Watch as someone names themselves the bell character, “^G” (ASCII code 7) [1]
When they meet people, they tell them their name is unpronounceable, it’s the sound of a PC speaker from the late 20th century, but you can call them by their preferred nickname “beep”.
In paper and online forms they are probably forced to go by the name “BEL”.
This name, "คุณสมชาย" (Khun Somchai, a common Thai name), appears normal but has a Zero Width Space (U+200B) between "คุณ" (Khun, a title like Mr./Ms.) and "สมชาย" (Somchai, a given name).
In scripts like Thai, Chinese, and Arabic, where words are written without spaces, invisible characters can be inserted to signal word boundaries or provide a hint to text processing systems.
> Presumably there aren't any people with control characters in their name, for example.
Of course there are. If you commit to supporting everything anyone wants to do, people will naturally test the boundaries.
The biggest fallacy programmers believe about names is that getting name support 100% right matters. Real engineers build something that works well enough for enough of the population and ship it, and if that's not US-ASCII only then it's usually pretty close to it.
Or unpaired surrogates. Or unassigned code points. Or fullwidth characters. Or "mathematical bold" characters. Though the latter two should be probably solved with NFKC normalization instead.

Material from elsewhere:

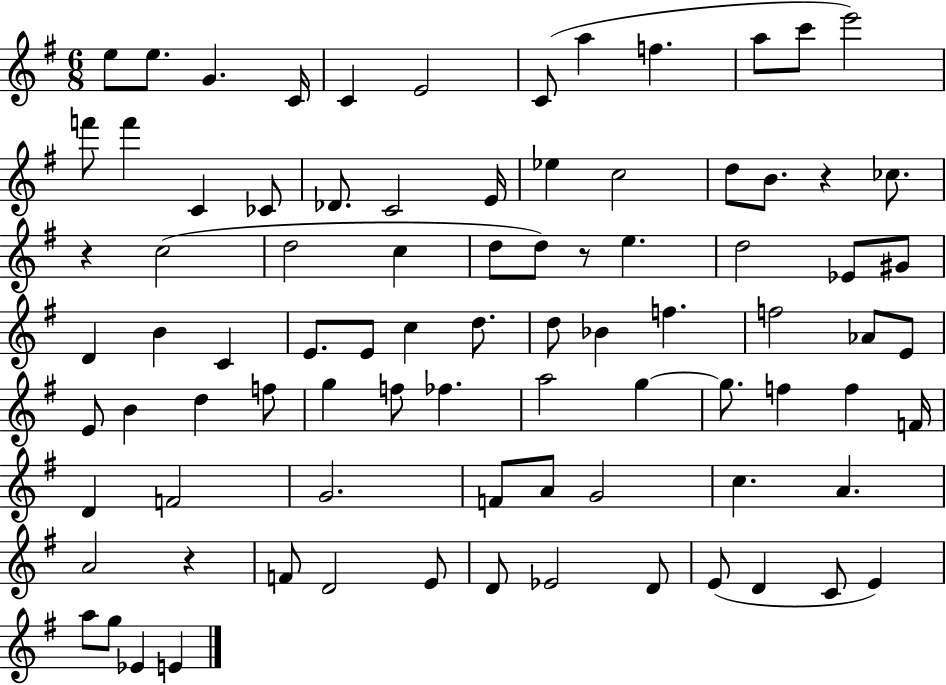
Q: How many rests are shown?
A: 4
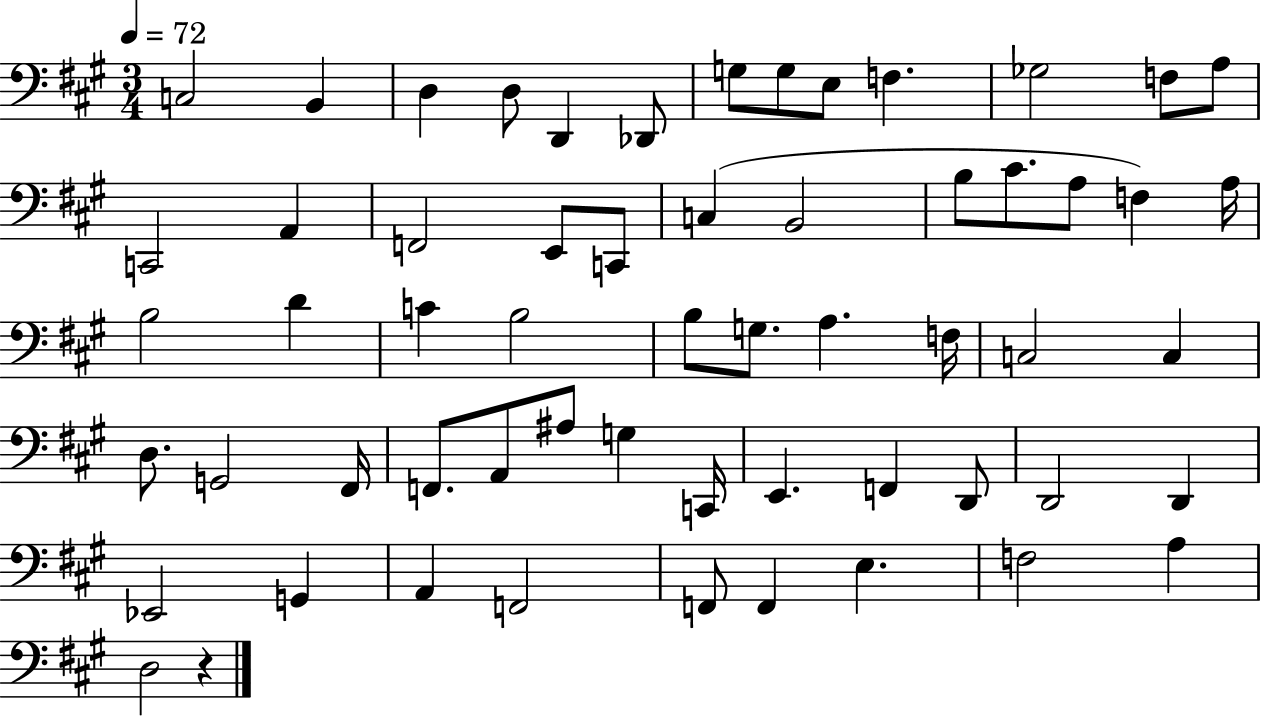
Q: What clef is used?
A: bass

That’s just an invalid Unicode string, then. Unicode strings are sequences of Unicode scalar values, not code points.
> unassigned code points
Ah, the tyranny of Unicode version support. I was going to suggest that it could be reasonable to check all code points are assigned at data ingress time, but then you urgently need to make sure that your ingress system always supports the latest version of Unicode. As soon as some part of the system goes depending on old Unicode tables, some data processing may go wrong!
How about Private Use Area? You could surely reasonably forbid that!
> fullwidth characters
I’m not so comfortable with halfwidth/fullwidth distinctions, but couldn’t fullwidth characters be completely legitimate?

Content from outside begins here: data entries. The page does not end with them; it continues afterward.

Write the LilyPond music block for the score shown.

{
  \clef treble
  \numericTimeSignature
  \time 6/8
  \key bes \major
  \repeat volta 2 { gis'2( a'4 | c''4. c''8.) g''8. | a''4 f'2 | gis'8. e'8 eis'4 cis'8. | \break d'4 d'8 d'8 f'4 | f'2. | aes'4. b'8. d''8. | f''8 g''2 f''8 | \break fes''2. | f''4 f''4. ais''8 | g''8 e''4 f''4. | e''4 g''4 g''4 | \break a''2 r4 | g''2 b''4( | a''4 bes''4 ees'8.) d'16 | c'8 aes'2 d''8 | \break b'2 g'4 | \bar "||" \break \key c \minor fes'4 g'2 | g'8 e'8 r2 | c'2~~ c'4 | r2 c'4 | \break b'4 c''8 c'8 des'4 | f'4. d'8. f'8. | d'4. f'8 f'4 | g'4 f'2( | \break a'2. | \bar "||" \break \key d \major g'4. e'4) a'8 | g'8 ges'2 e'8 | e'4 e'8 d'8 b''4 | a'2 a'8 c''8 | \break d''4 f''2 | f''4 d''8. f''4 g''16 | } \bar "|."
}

(Yes, I’m happy to call mathematical bold, fraktur, &c. illegitimate for such purposes.)
> solved with NFKC normalization
I’d be very leery of doing this on storage; compatibility normalisations are fine for equivalence testing, things like search and such, but they are lossy, and I’m not confident that the lossiness won’t affect legitimate names. I don’t have anything specific in mind, just a general apprehension.
Cc: Control, a C0 or C1 control code. (Definitely safe to reject.)
Cn: Unassigned, a reserved unassigned code point or a noncharacter. (Safe to reject if you keep up to date with Unicode versions; but if you don’t stay up to date, you risk blocking legitimate characters defined more recently, for better or for worse. The fixed set of 66 noncharacters are definitely safe to reject.)
Cs: Surrogate, a surrogate code point. (I’d put it stronger: you must reject these, it’s wrong not to.)
Co: Private_Use, a private-use character. (About elf names, I’m guessing samatman is referring to Tolkien’s Tengwar writing system, as assigned in the ConScript Unicode Registry to U+E000–U+E07F. There has long been a concrete proposal for inclusion in Unicode’s Supplementary Multilingual Plane <https://www.unicode.org/roadmaps/smp/>, from time to time it gets bumped along, and since fairly recently the linked spec document is actually on unicode.org, not sure if that means something.)
Cf: Format, a format control character. (See the list at <https://util.unicode.org/UnicodeJsps/list-unicodeset.jsp?a=[...>. You could reject a large number of these, but some are required by some scripts, such as ZERO-WIDTH NON-JOINER in Indic scripts.)